_WHAT IS EXPECTED_
Restate exactly the lines that run from the start of the records below to the line containing "2313 S Fairway Dr, Plant City, FL 33566", counting both ends, and nothing else; pictures stay out.

_INPUT DATA_
↓
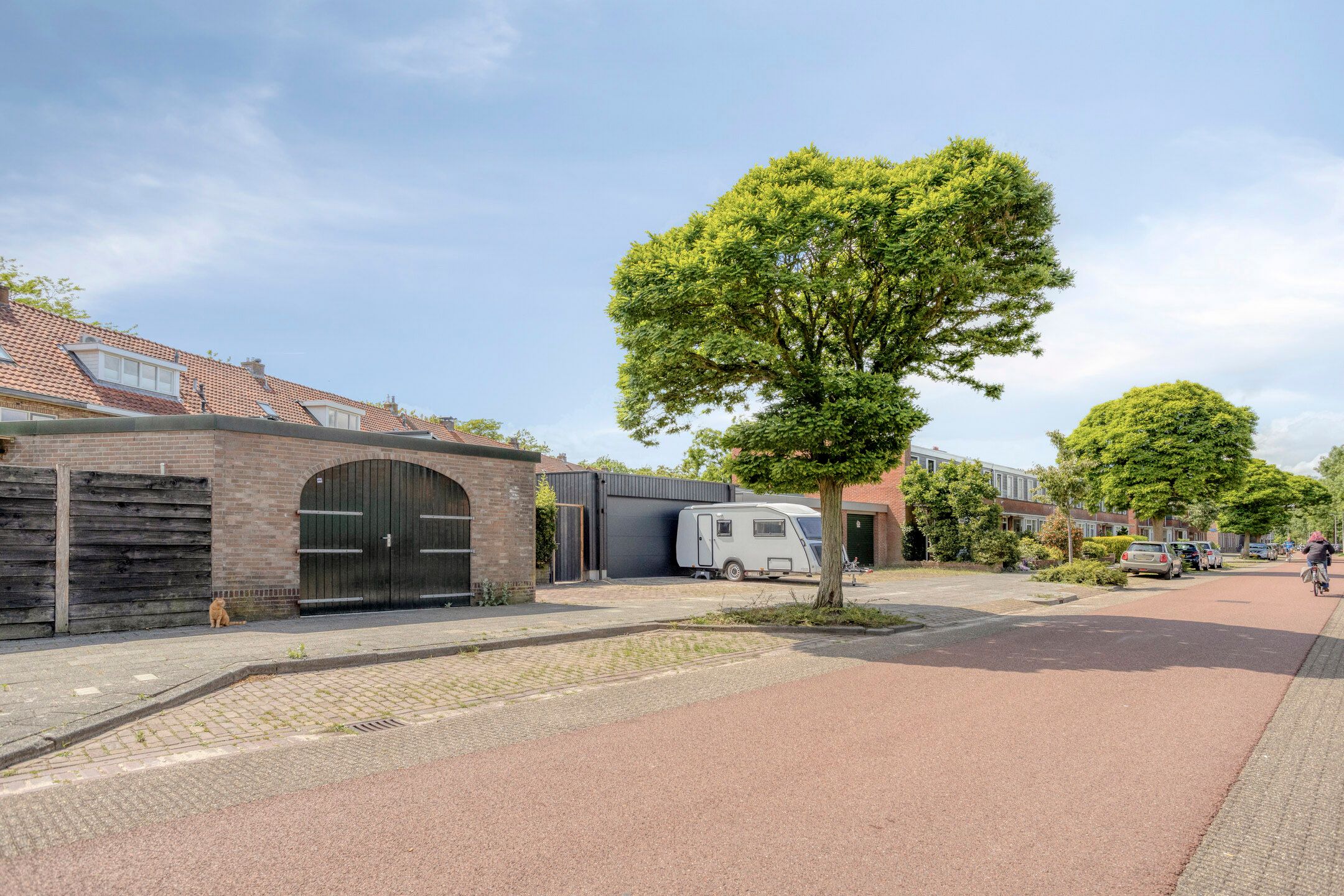 Photo 51 of Brederostraat 143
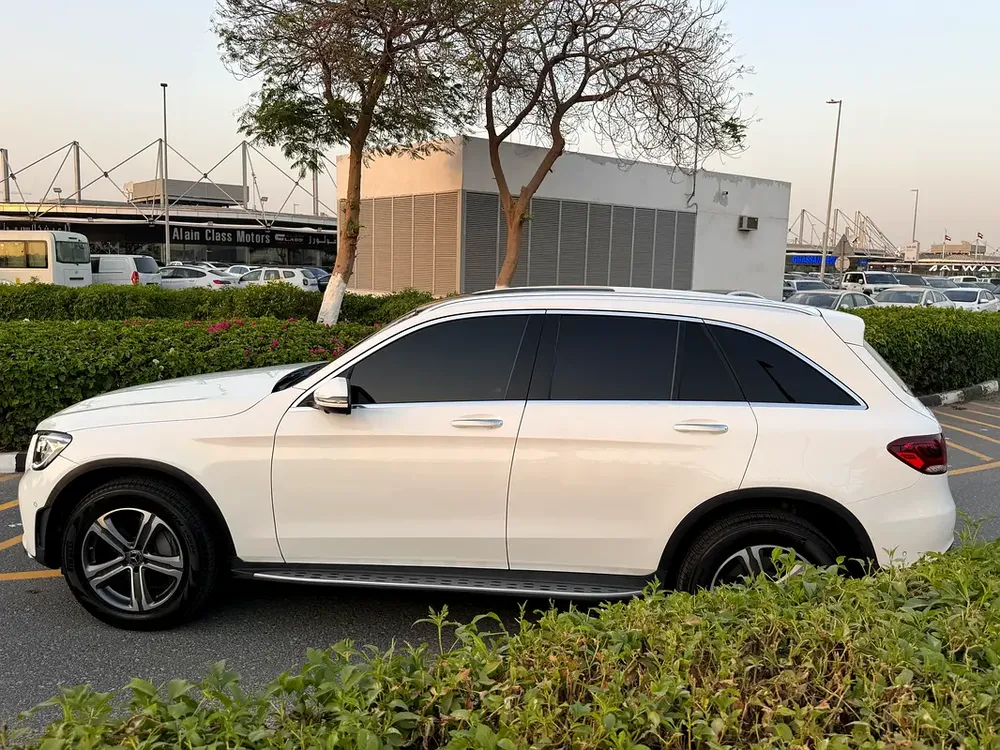 Mercedes-Benz GLC 300 4MATIC 2021, American Specs - Excellent Condition! - Image 5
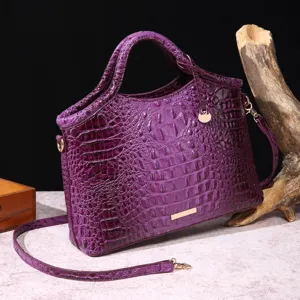 Vista detallada de un bolso retro morado con textura de cocodrilo en relieve 3D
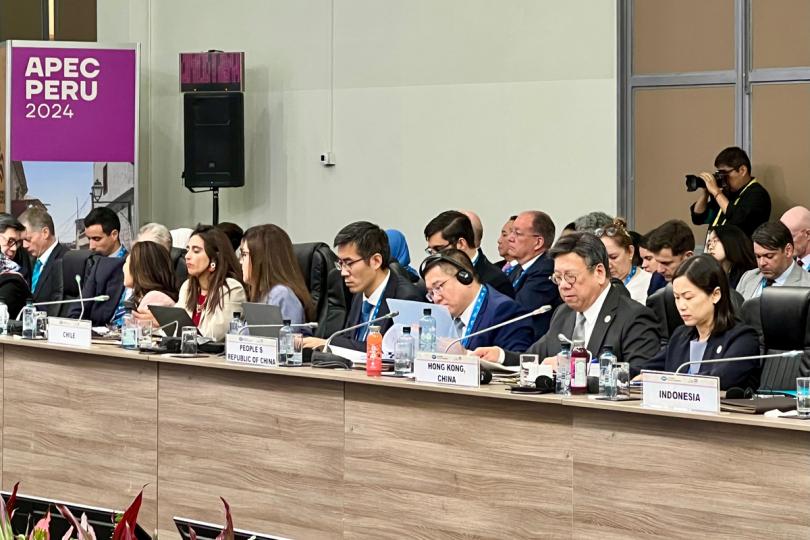 開放貿易:  丘應樺（前排右二）出席亞太經合組織貿易部長會議，在討論環節發言。旁為工業貿易署署長黃少珠（前排右一）。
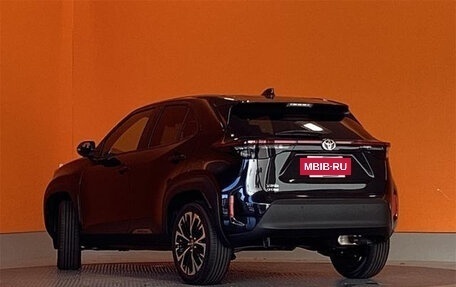 Toyota Yaris Cross, 2024 год, 1 670 000 рублей, 4 фотография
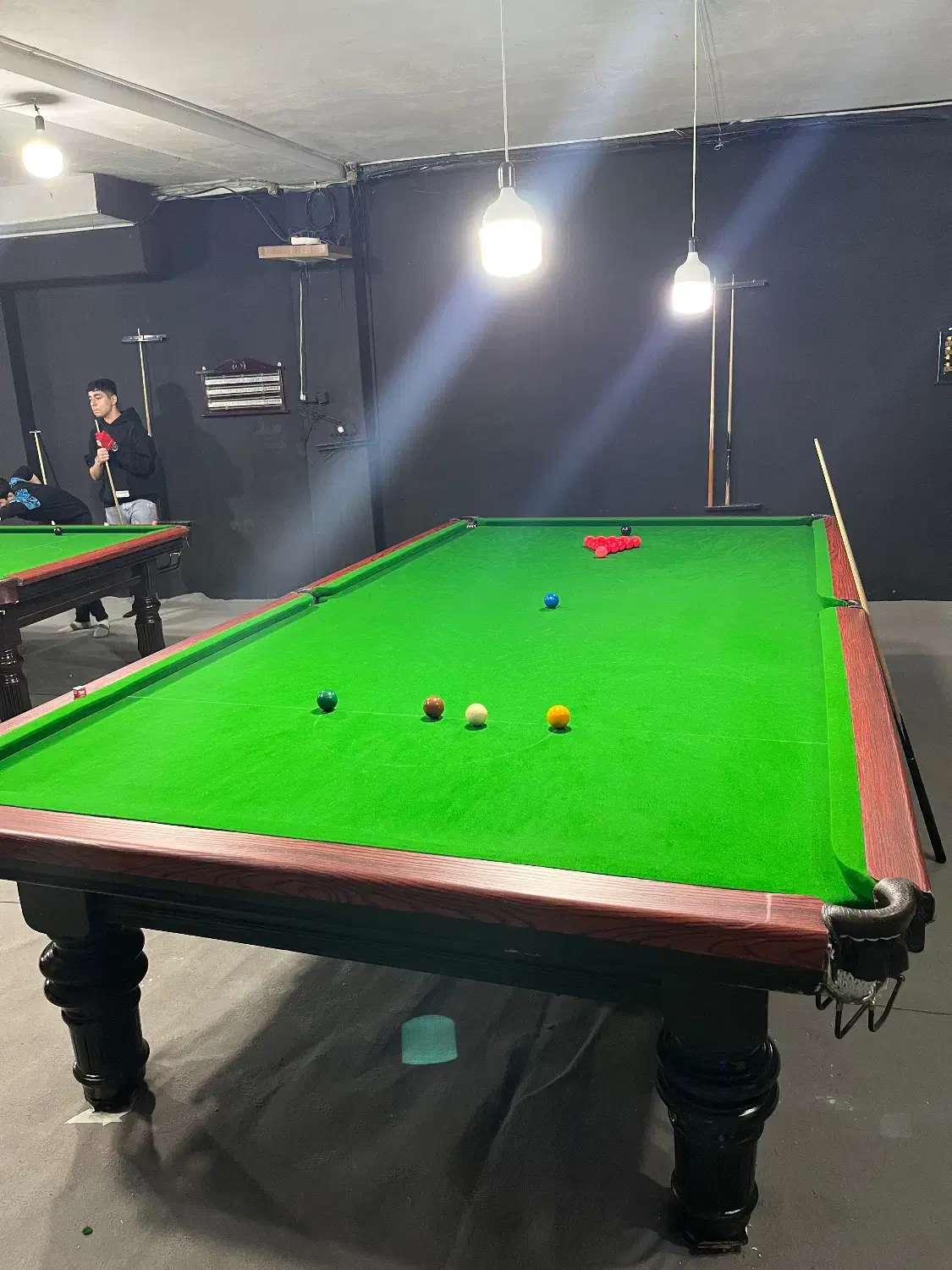 میز بیلیارد ( اسنوکر )|ورزش‌های توپی|زیرآب, |دیوار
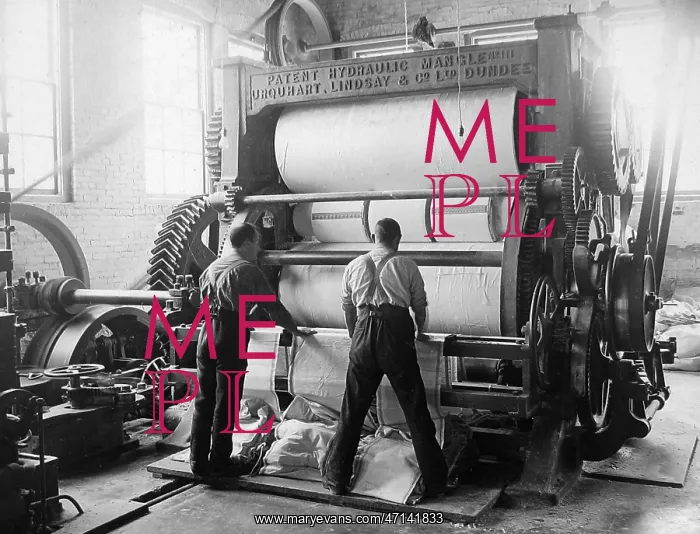  : Canada textile industry early 1900s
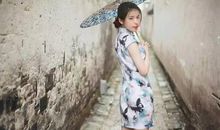 那把一直打着的油纸伞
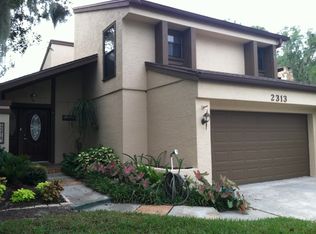 2313 S Fairway Dr, Plant City, FL 33566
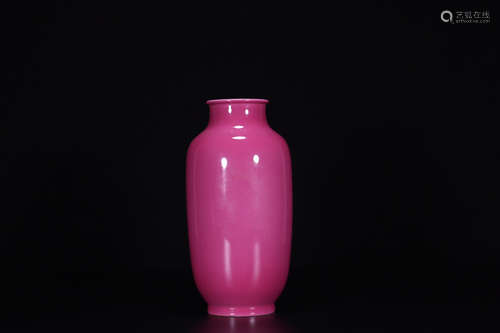 17-19TH CENTURY, A PINK GLAZE PORCELAIN VASE, QING DYNASTY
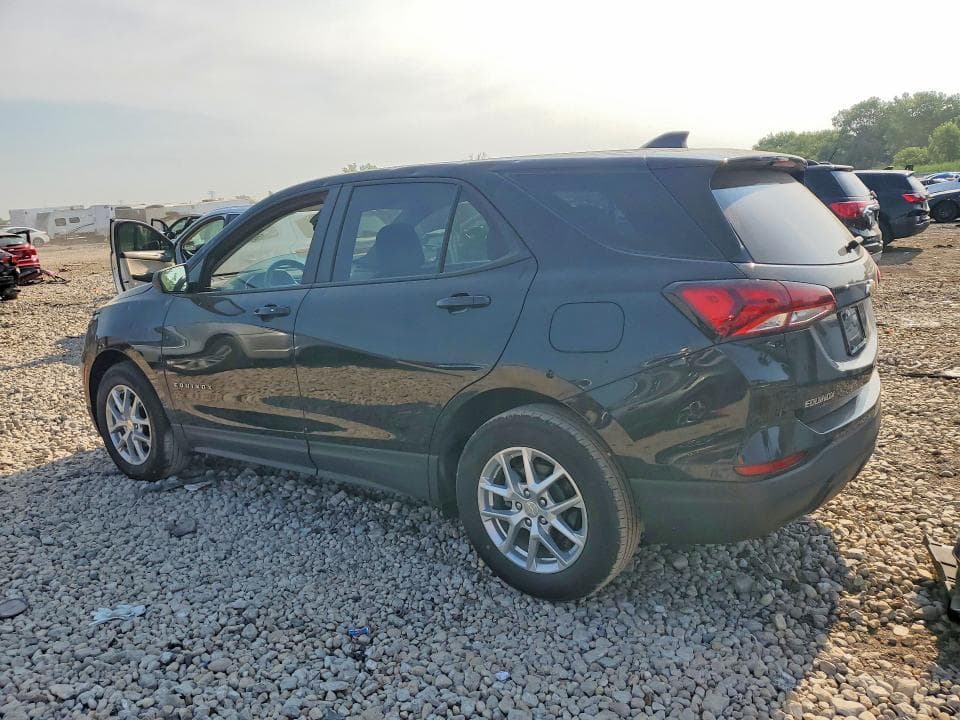 2024 CHEVROLET EQUINOX LS 2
↑
_RESULT OF THE TASK_
 Photo 51 of Brederostraat 143
 Mercedes-Benz GLC 300 4MATIC 2021, American Specs - Excellent Condition! - Image 5
 Vista detallada de un bolso retro morado con textura de cocodrilo en relieve 3D
 開放貿易:  丘應樺（前排右二）出席亞太經合組織貿易部長會議，在討論環節發言。旁為工業貿易署署長黃少珠（前排右一）。
 Toyota Yaris Cross, 2024 год, 1 670 000 рублей, 4 фотография
 میز بیلیارد ( اسنوکر )|ورزش‌های توپی|زیرآب, |دیوار
  : Canada textile industry early 1900s
 那把一直打着的油纸伞
 2313 S Fairway Dr, Plant City, FL 33566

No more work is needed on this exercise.